*What to work on*.
Word for word, transcribe the listing that follows, minus any pictures.

*Dataset section*.
------
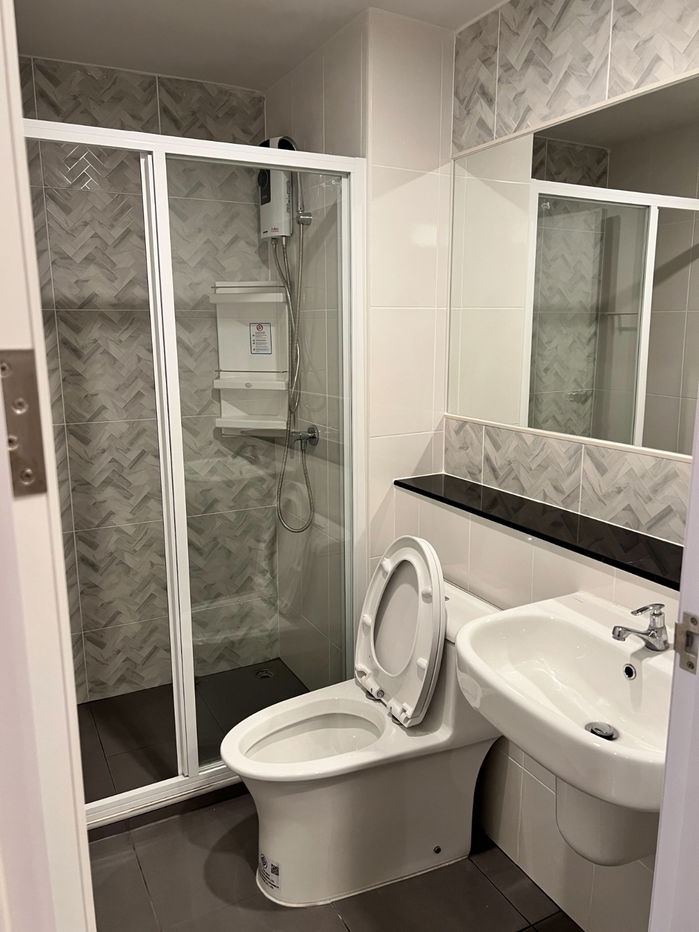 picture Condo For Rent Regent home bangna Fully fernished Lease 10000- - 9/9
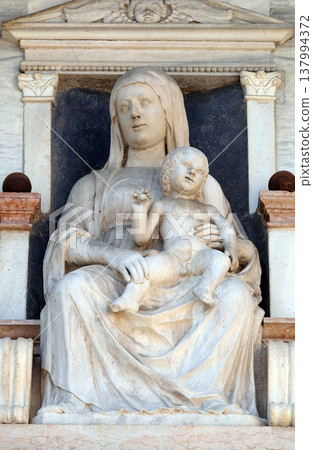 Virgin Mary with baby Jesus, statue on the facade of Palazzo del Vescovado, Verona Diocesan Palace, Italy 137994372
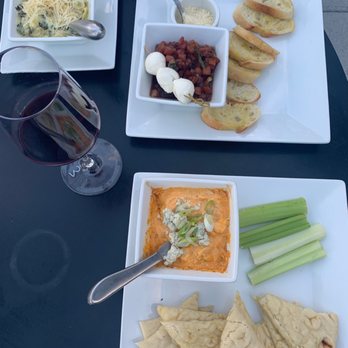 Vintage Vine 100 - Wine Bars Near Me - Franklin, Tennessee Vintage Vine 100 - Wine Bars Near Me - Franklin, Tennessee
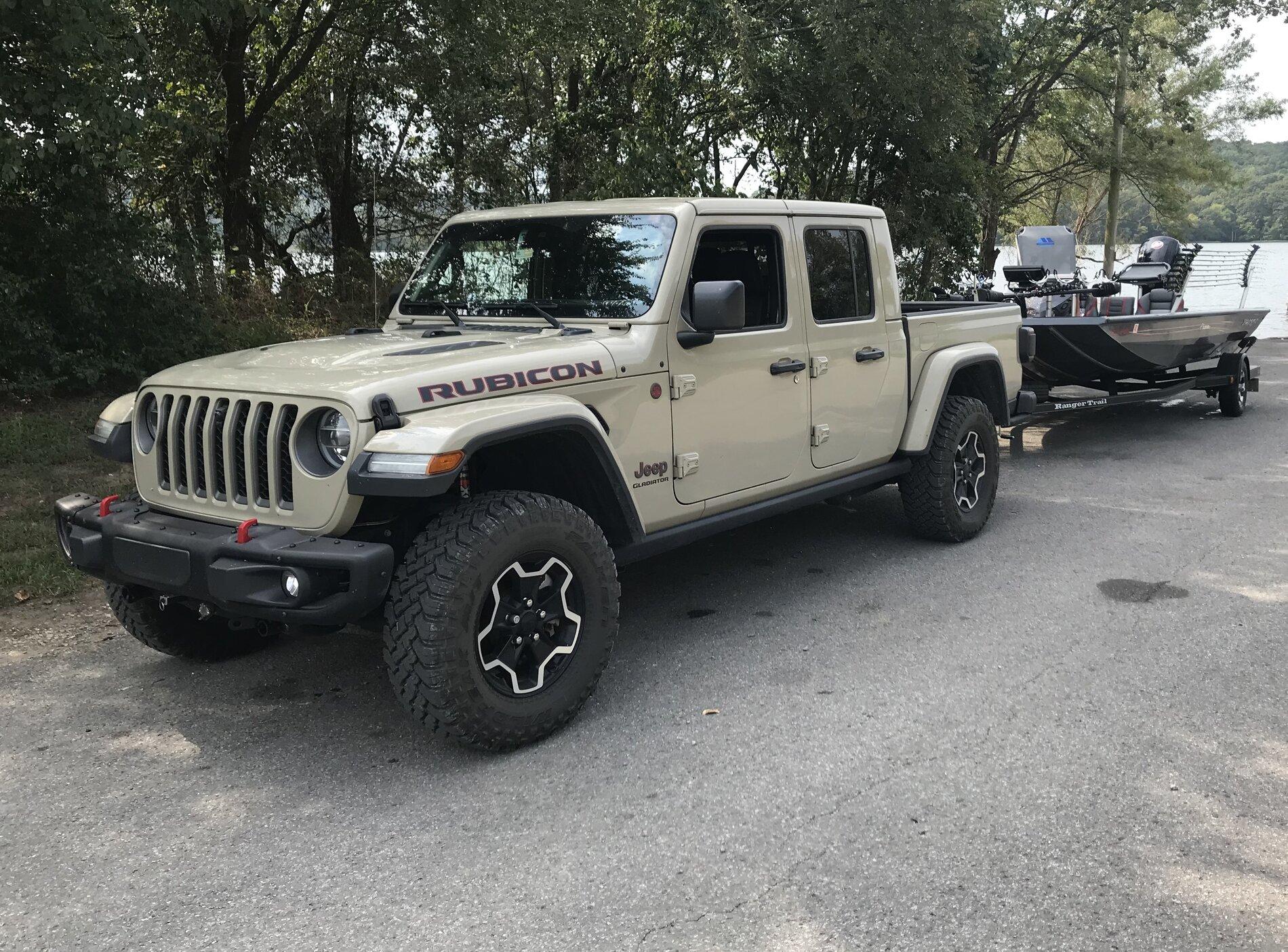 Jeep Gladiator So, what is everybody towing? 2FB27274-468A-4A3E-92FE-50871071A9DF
------
*Finished task*.
 picture Condo For Rent Regent home bangna Fully fernished Lease 10000- - 9/9
 Virgin Mary with baby Jesus, statue on the facade of Palazzo del Vescovado, Verona Diocesan Palace, Italy 137994372
 Vintage Vine 100 - Wine Bars Near Me - Franklin, Tennessee Vintage Vine 100 - Wine Bars Near Me - Franklin, Tennessee
 Jeep Gladiator So, what is everybody towing? 2FB27274-468A-4A3E-92FE-50871071A9DF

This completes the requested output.